L’agriculture s’organise pour mieux se positionner sur le marché du carbone

2 juin 2022 - Eloi Pailloux 
Les exploitations ne sont pas seulement productrices de denrées alimentaires. Elles sont aussi susceptibles de commercialiser des crédits carbone. Un revenu supplémentaire précieux, à condition de bien appréhender ce marché. Le secteur s'y emploie. Explications.

Le carbone, un revenu d’appoint pour les agriculteurs ? Le secteur s’intéresse en tout cas de très près à ce dossier. Le principe de marché du carbone n’est pourtant pas nouveau. En Europe, il a été lancé en 2005, autour de ce mécanisme de base : les entreprises des secteurs les plus producteurs de gaz à effet de serre se sont vues obligées de compenser leurs émissions. L’un des moyens mis à leur disposition étant l’achat de « crédits » issus d’activités qui, elles, captent du carbone, comme l’agriculture.

Un label pour les démarches bas-carbone

La croissance des végétaux entraîne en effet la séquestration de carbone atmosphérique. C’est aussi vrai dans les prairies des éleveurs que dans les champs des cultivateurs. Les haies ou bosquets les entourant ne sont pas en reste. Si ces mécanismes naturels ont toujours fonctionné, l’agriculture française n’a pas toujours bénéficié des outils pour les faire fructifier. En France, le lancement du Label bas carbone par le gouvernement, en 2019, sécurise le marché.

Des méthodes officielles pour générer les crédits

Depuis 2020, les pouvoirs publics ont validé une demi-douzaine de « méthodes » applicables en agriculture dans le cadre du Label bas-carbone. Ces méthodes sont autant de chemins possibles pour les producteurs, en fonction du profil de leur exploitation. Par exemple la méthode « Ecométhane » balise la voie à suivre pour les éleveurs bovins souhaitant réduire leur empreinte carbone via l’alimentation de leurs vaches, quand la méthode « Haies » concerne les fermes planifiant l’implantation de haies. D’autres méthodes sont encore en cours de validation, par exemple pour les viticulteurs ou les méthaniseurs.

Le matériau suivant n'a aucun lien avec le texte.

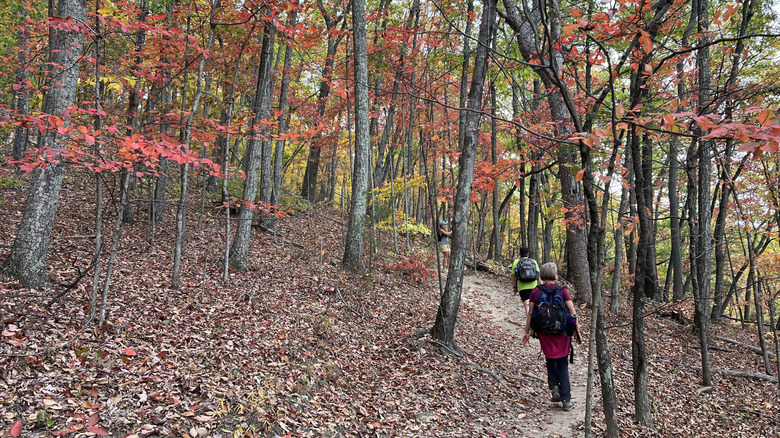 people walking on trail with red and yellow leaves on trees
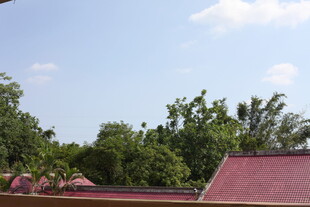 屋顶视角下的绿树蓝天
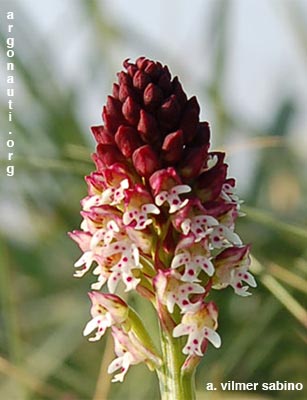 orchis ustulata
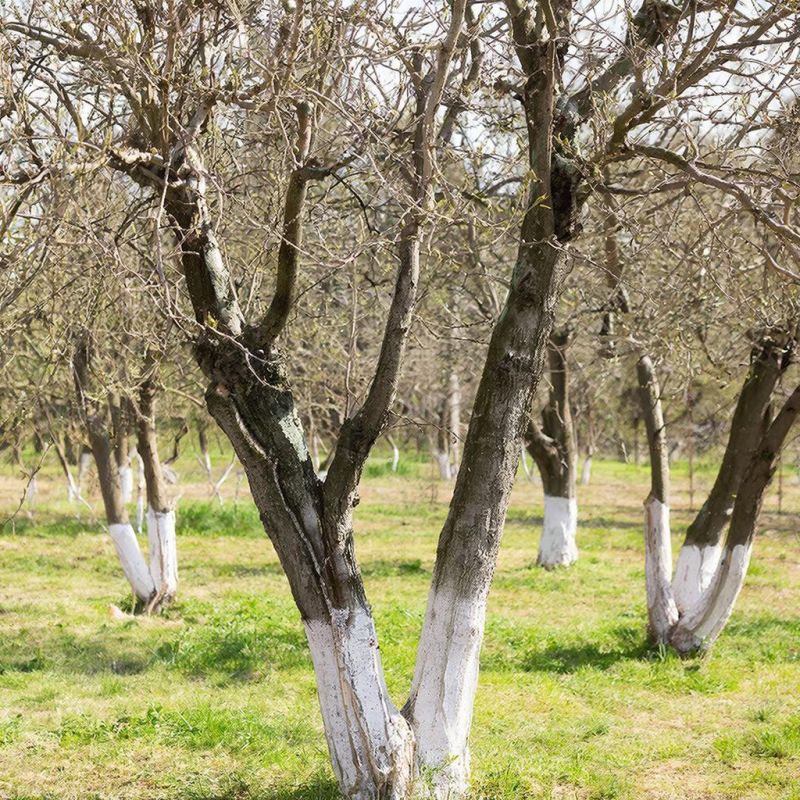 Осенняя побелка деревьев: секреты сохранения здоровья сада в зимний период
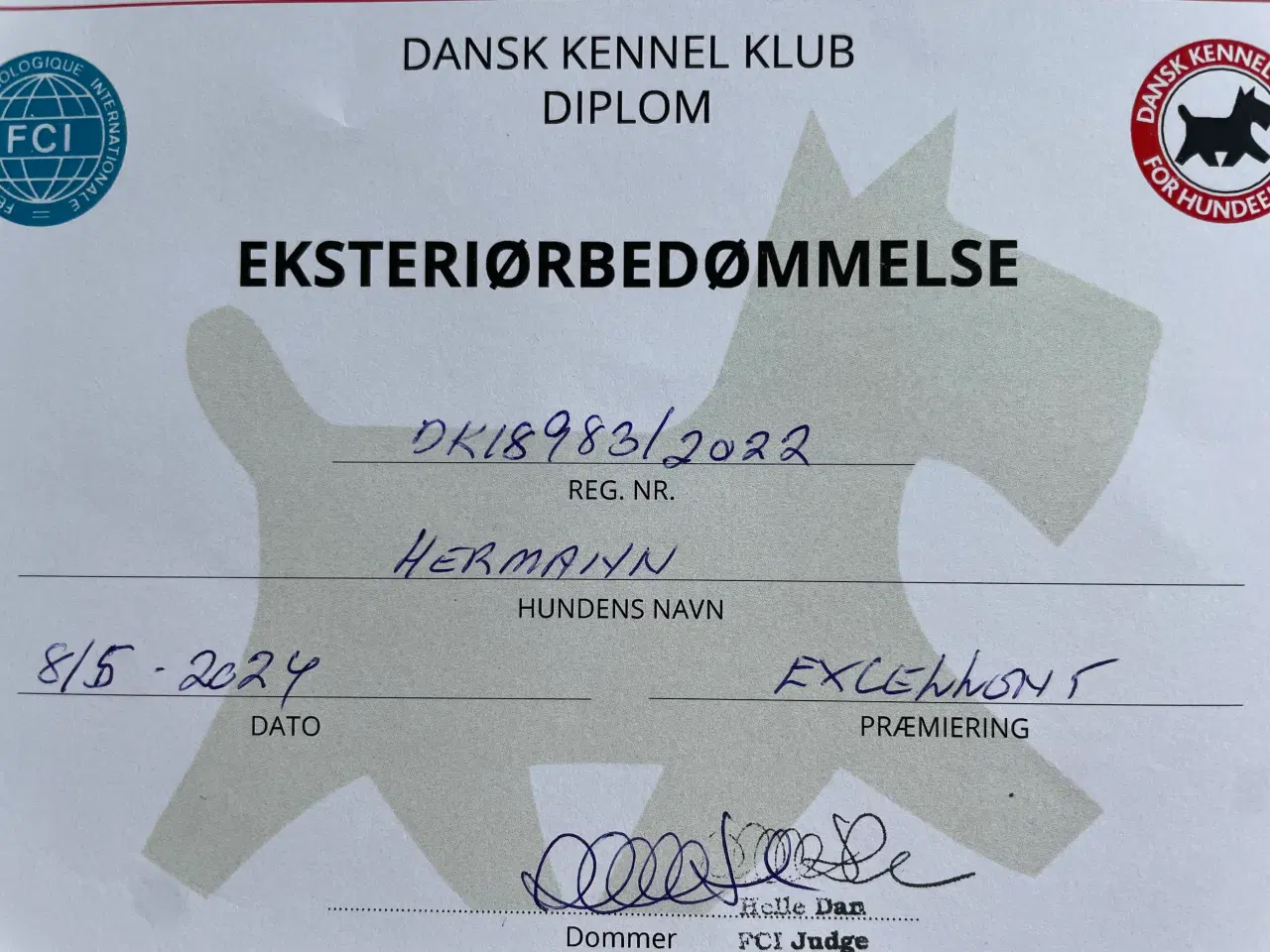 Billede 8 - Parring Bichon Havaneser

Un marché mondial non-harmonisé

Le cadre est donc plus clair, mais quelques écueils demeurent. Pour commencer, le marché carbone n’est pas harmonisé mondialement. Résultat : tous les crédits n’ont pas le même prix. Et les entreprises tenues de compenser leurs émissions peuvent être tentées d’acheter des crédits carbone bon marché. Selon le thinktank Agridées, le tarif peut aller de 30 à 70 € pour une tonne de CO2 stockée en France, contre 13 € en Europe et 6 € à l’international environ. Autre difficulté : ce marché étant encore neuf, l’offre et la demande peinent parfois à se trouver, faute de contact entre les mondes de l’agriculture et des entreprises.

Rapprocher entreprises et agriculture

Plusieurs entreprises françaises, comme La Poste, souhaitent s’offrir des crédits « made in France », quitte à payer plus. Pour leur faciliter la tâche, l’agriculture s’organise. Lors du Salon de l’agriculture, onze partenaires, dont la FNSEA ou Chambres d’agriculture France, ont lancé une plateforme de crédits carbone agricoles français, rassemblant les filières végétales et animales. Une manière de centraliser les démarches du secteur. Et comme dans les régions, certaines entreprises expriment leur intention d’acheter du carbone de proximité, des initiatives voient le jour pour créer des connexions encore plus locales. C’est le cas de l’événement CarbonConnect, organisé début mai à Lille, qui a réuni 200 entreprises et structures agricoles. D’autres régions devraient suivre cet exemple.